Julho acaba e partimos para o Minho, Viana do Castelo. Vamos todos em dois carros: seis crianças, um cão e a bicicleta. A casa de pedra espera, o milho cresceu à altura de gente, as latadas de vinha fazem sombra na pedra.

O Minho é exuberante e é-o na forma como se faz verde entre a chuva, o nevoeiro e o frio.


Silêncio das coisas
Esta, é para o Nuno Vargas

A casa é de pedra antiga, das pedras que foram outrora as pedras da aldeia que morreu na pneumónica do princípio do século XX, tem uma latada de vinha tão antiga quanto ela a qual faz a sombra de Julho. O tempo está quente. A mesa fica à porta da cozinha e quase toda a vida se senta por ali.

Ao entardecer ouve-se a Avé Maria do auto-falante da igreja e o ladrar dos cães da freguesia. Fumo ali o último cigarro da noite, ouço os grilos e o silêncio profano da terra. Às vezes fico quieta de pensamento, outras fico quieta de nada. Às vezes cai um limão ao chão e na noite, aquela é toda a gravidade do mundo.

Junto á porta da cozinha existem dois limoeiros e uma macieira. A fruta exala um perfume doce. O silêncio ás vezes é vagar e perfume outras, um tédio quase triste.



Alegria das coisas
Para a Vera, Rita, André, Filipe, Teresa e Isabel

A mim o mundo parece-me pequeno e confinado aos muros de pedra. A eles, o mundo cresce infinito nos esconderijos que criam, na tenda que montam e na rede onde descansam das histórias. Vivem os dias na rua, descalços, fantasiosos, cheios de histórias e mistérios para desvendar.

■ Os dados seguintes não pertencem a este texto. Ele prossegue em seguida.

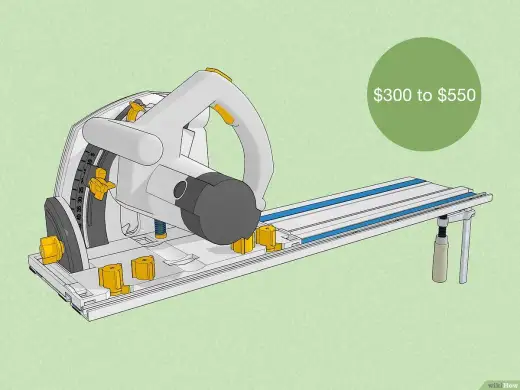 Circular Saw for Tile - Yes, But Here's How to Do It Right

Para eles ali se fazem mundos e em bando se vive a alegria fácil e quente do verão.

Um dia, suspeito, a memória terá cheiro de limoeiro e aventura.


Vagar das coisas

Dormimos muito e até tarde. Escolho repetidamente aquele lugar do mundo pequeno para deixar o descanso entrar em mim até ao osso. Como uma brisa que se faz devagar. Depois faço-lhes limonadas, bolos e doce de fruta que caiu ao chão. Leio, leio muito.

“Baía dos Tigres” de Pedro Rosa Mendes. Fantástico. Muito, muito bom. Já me tinham falado e eu sem o saber nas estantes cá de casa.

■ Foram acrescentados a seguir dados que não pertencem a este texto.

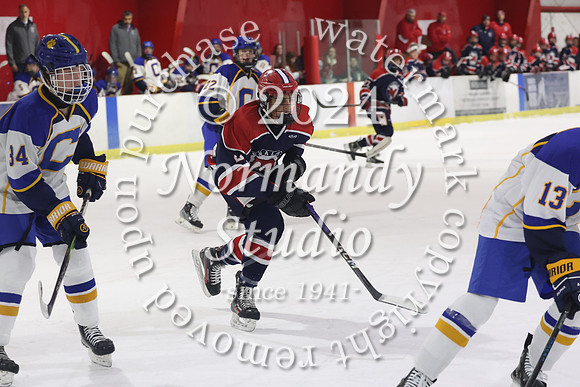 MNP_ih_014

“ Já não me lembrava – os delírios da K” do Carlos Quevedo, em jeito solto e aleatório.

“A matemática das coisas” do Nuno Crato. Que saudades tinha de quem me falasse assim da matemática... o Nuno é um excelente comunicador e consegue, como muito poucos, falar com rigor de coisas complicadas em jeito acessível e bonito. Um homem de linguagens. Passo sempre os olhos pelas crónicas semanais do Expresso mas assim concentrado, em livro de capa sabe muito, muito melhor. Leitura gostosa a quem roubei parte do título deste post numa equação de pequenos prazeres.

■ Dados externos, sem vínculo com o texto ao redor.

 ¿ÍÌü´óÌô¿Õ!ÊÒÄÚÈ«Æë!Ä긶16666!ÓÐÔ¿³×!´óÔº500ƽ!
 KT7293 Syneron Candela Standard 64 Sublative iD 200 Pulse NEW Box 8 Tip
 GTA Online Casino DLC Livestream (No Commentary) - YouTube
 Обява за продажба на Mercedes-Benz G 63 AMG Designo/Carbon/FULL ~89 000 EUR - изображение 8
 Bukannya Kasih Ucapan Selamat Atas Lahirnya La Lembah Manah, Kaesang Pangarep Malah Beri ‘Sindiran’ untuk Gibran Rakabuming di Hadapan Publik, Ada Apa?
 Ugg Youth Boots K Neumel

Mas à quem se levante cedo, muito cedo, vá deixar as ovelhas ao campo e parta depois de bicicleta. Pelos montes áridos desde Viana até Vila Praia de Âncora, lá pela terra dos garranos livres, e desça até ao mar. O milho cresce quase até à areia, fronteira o mar.


Dizer das coisas

Viemos a casa lavar a roupa que trás terra, cheiro a limão e silêncio. Não tarda partimos. Para um lugar que não sabemos, longe do mar. Ainda não chegou o tempo do mar salgado.